Dataset records
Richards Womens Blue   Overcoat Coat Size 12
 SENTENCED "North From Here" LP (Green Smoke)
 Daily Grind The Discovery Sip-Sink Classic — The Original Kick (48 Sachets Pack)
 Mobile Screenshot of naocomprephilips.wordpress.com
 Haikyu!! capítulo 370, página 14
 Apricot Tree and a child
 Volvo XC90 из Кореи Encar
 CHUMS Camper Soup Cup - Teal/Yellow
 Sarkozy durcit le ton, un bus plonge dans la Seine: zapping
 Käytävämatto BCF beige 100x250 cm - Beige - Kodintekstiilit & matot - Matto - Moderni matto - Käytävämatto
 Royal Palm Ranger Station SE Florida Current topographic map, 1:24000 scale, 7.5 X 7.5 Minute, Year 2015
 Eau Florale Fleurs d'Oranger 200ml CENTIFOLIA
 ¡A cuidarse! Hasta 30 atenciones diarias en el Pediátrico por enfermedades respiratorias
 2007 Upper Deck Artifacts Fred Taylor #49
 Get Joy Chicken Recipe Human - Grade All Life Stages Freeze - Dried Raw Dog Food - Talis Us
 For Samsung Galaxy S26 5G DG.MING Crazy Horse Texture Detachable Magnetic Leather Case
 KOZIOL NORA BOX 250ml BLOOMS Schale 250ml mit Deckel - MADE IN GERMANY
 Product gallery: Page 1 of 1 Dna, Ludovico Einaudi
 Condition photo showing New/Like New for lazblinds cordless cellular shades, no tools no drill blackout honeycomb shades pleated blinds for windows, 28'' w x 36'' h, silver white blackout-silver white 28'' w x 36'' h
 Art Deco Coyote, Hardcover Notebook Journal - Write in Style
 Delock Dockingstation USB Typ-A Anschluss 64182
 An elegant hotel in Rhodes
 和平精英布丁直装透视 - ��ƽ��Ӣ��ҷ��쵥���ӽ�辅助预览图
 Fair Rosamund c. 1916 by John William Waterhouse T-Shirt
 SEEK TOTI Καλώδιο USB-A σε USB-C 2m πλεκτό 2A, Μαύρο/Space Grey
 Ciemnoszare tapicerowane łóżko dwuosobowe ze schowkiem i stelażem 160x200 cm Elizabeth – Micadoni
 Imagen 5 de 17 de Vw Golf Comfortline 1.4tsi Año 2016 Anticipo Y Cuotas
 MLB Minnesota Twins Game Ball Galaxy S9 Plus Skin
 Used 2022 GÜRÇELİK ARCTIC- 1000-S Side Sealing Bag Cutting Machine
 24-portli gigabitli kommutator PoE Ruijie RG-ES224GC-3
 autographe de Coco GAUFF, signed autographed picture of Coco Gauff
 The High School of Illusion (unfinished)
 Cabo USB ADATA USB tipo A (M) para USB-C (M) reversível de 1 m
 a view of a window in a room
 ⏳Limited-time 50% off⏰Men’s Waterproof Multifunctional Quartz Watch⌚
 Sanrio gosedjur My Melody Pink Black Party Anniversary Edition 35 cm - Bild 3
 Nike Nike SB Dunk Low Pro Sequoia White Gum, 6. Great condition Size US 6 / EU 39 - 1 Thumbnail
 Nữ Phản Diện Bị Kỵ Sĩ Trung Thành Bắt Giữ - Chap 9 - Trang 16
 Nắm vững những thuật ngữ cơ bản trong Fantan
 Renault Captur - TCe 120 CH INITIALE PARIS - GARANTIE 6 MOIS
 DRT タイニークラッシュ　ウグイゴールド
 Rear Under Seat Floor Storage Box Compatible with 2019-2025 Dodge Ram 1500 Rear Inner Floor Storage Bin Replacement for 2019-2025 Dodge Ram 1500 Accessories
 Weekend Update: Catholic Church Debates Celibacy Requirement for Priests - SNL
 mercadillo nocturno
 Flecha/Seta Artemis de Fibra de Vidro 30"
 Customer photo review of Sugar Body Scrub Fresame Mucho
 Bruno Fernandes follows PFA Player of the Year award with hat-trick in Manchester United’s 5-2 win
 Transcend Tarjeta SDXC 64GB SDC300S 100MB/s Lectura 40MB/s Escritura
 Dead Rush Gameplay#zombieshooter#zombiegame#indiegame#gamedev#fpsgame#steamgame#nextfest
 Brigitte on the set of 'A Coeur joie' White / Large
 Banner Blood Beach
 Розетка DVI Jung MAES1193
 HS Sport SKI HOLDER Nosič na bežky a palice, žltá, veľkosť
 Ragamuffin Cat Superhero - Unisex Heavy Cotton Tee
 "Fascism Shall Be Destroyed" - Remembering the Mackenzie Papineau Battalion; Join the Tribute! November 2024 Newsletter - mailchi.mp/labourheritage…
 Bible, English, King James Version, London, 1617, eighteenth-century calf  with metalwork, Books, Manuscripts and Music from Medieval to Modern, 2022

Problem statement
Exactly how many lines of the listing above contain the string "Year"? Give no more than the number.

Result of this task
2